St George’s a little further along on the right, is a beautiful old church open for a browse, and often used as a venue for gigs. At this point, you reach Kemptown Village, named so for its community feel, and cluster of independent shops and cafes – like Portland for great coffee and imaginative toasties, Butler’s Wine Cellar with its selection of local wines, Pizza Face for take-outs (recommend the goat’s cheese and caramelised onion), the Open Bakery for flaky, buttery croissants and other treats, the smart local Kemptown Bookshop, noting The Well, a laid-back taproom and shop specialising in natural wine and craft beer.
Follow St George’s Road as it bears left into Bristol Street and turns into Upper St James’s Street and you’ll eventually come to one of my favourite city emporiums, the Brighton Flea Market. It’s an alternative, quieter option to the well-known Snooper’s Paradise in the North Laine which is epic but gets packed, especially at the weekend. It’s conveniently located close to one of my favourite Brighton pubs, the brightly coloured Hand in Hand with its curio-filled bar room the setting for Sunday jazz sessions.
Yet more nice independent shops and cafes here like Moderne, the Curry Leaf Café for great Indian street food and the Metro Deco café for afternoon tea, before reaching the cool Black Dove pub on the corner which has an underground drinking den and does great cocktails.
Eventually you reach St James’s Street, an area of eclectic cafes, bars, shops and interesting side streets to the seafront to explore.

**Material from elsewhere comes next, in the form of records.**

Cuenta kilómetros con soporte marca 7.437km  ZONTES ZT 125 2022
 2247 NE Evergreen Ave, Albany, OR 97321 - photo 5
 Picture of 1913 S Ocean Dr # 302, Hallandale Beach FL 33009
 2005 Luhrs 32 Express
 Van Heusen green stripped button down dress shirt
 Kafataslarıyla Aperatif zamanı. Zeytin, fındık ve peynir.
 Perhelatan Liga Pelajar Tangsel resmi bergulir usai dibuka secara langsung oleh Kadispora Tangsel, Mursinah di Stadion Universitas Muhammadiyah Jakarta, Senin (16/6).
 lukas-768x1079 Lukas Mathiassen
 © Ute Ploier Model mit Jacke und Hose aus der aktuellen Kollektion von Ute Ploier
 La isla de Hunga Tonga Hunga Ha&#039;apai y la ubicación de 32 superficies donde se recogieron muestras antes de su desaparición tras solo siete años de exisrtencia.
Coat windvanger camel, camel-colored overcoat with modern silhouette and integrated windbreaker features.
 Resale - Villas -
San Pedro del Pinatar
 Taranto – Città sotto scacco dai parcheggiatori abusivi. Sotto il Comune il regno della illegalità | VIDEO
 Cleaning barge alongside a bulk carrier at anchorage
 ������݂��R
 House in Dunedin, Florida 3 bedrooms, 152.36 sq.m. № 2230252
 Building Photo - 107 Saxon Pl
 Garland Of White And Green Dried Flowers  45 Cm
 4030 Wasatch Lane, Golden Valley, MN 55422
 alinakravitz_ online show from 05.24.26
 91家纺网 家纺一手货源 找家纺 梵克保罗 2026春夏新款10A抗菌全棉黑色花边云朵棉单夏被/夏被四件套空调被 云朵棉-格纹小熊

Traveller tip: note Charles Street with its black-fronted flint houses that look plucked from Georgian London (pictured above). From here, zig-zag your way up and down until you reach Brighton’s smallest tearoom on Marine Place. With its small, quiet dining room, it’s the perfect place to regroup over a cup of tea and plan your next adventure around this crazy seaside city.